Try it >> Could the listing be repeated exactly, with every picture dropped?

Data block >>

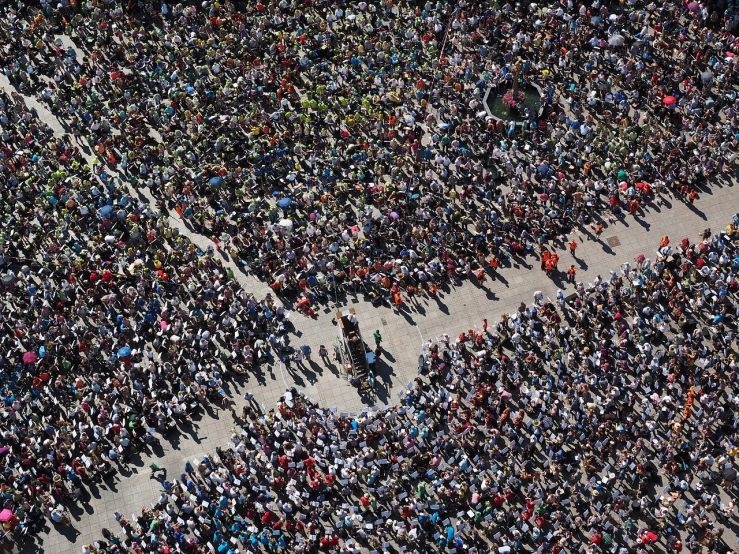 an aerial view of a large crowd of people, a photo, by Giovanni Pelliccioli, big!!!!!!!!!!!!, shot on nikon d 3 2 0 0, pareidolia, first place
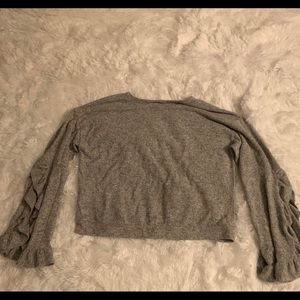 Long sleeve flared shirt.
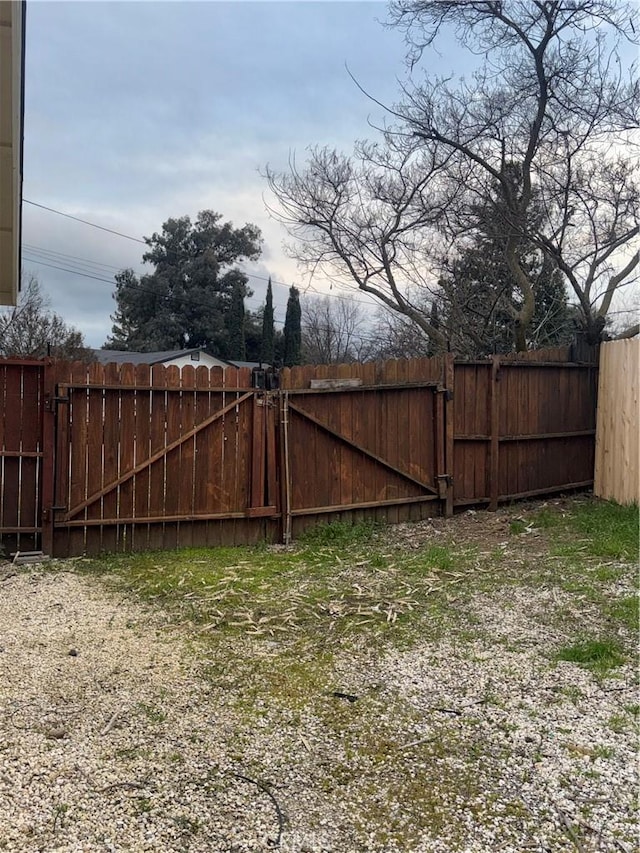 view of yard featuring a gate and fence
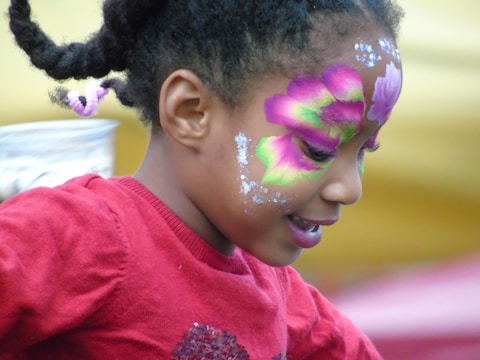 A young girl with colorful face paint, featuring vibrant pink, green, and purple flower designs on her face. She is wearing a red sweater and has her hair styled in braids with a pink hair tie.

Solution for this exercise >>
 an aerial view of a large crowd of people, a photo, by Giovanni Pelliccioli, big!!!!!!!!!!!!, shot on nikon d 3 2 0 0, pareidolia, first place
 Long sleeve flared shirt.
 view of yard featuring a gate and fence
 A young girl with colorful face paint, featuring vibrant pink, green, and purple flower designs on her face. She is wearing a red sweater and has her hair styled in braids with a pink hair tie.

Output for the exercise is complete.